Organisation of content

For Kindergarten to Year 10, courses of study and educational programs are based on the outcomes of syllabuses. The content describes in more detail how the outcomes are to be interpreted and used, and the intended learning appropriate for the stage. In considering the intended learning, teachers will make decisions about the sequence, the emphasis to be given to particular areas of content, and any adjustments required based on the needs, interests and abilities of their students.

The knowledge, skills and understanding described in the outcomes and content provide a sound basis for students to successfully move to the next stage of learning.

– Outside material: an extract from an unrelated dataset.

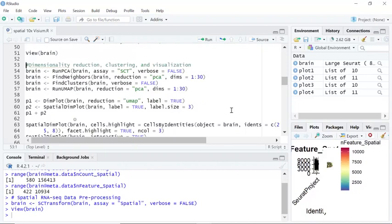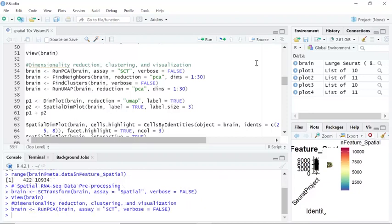After the step of preprocessing, we just need to run dimensionality reduction by the RunPCA function. Then we can find the neighbors and clusters.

The following diagram shows the scope of the strands and substrands, and illustrates the central role of Working Mathematically in Mathematics K–10 teaching and learning.

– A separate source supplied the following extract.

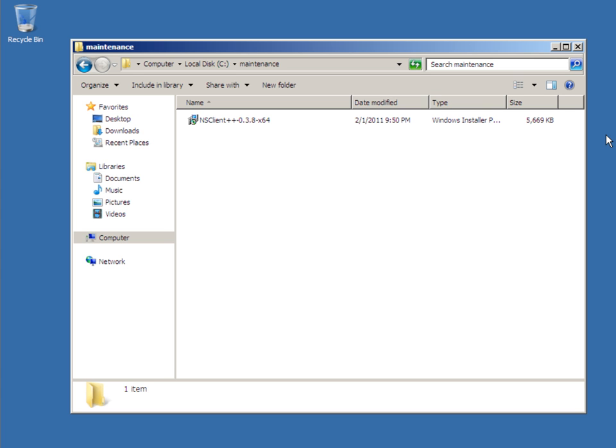This video will demonstrate how to install the NSClient++ Windows agent on a Windows box. This agent is needed in order to monitor a Windows desktop or a server with Nagios.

This diagram shows the relationship between the strands and substrands and the central role of Working Mathematically in Mathematics K–10 Syllabus.

The content presented in a stage represents the knowledge, skills and understanding that are to be acquired by a typical student by the end of that stage. It is acknowledged that students learn at different rates and in different ways, so that there will be students who have not achieved the outcomes for the stage(s) prior to that identified with their stage of schooling. For example, some students will achieve Stage 3 outcomes during Year 5, while the majority will achieve them by the end of Year 6. Other students might not develop the same knowledge, skills and understanding until Year 7 or later.

The Mathematics K–10 Syllabus contains the syllabus content for Early Stage 1 to Stage 5. Within each stage, the syllabus is organised into the three content strands, Number and Algebra, Measurement and Geometry, and Statistics and Probability, with the components of Working Mathematically integrated into these strands. The syllabus is written with the flexibility to enable students to work at different stages in different strands. For example, students could be working on Stage 4 content in the Number and Algebra strand, while working on Stage 3 content in the Measurement and Geometry strand.

Outcomes, content, background information, and advice about language are organised into substrands within the three content strands. There are some substrands, mainly in Early Stage 1 to Stage 3, that contain the development of several concepts. To assist programming, the content in these substrands has been separated into two parts, '1' and '2', such as in 'Area 1' and 'Area 2'. The first part typically focuses on early concept development. Teachers and schools need to decide how to program the two parts of these substrands within a stage.

In Early Stage 1 to Stage 3, the language section of each substrand includes a word list. Words appearing for the first time in each substrand are listed in bold type. In Stage 4 and Stage 5, the background information includes the purpose/relevance of the substrands.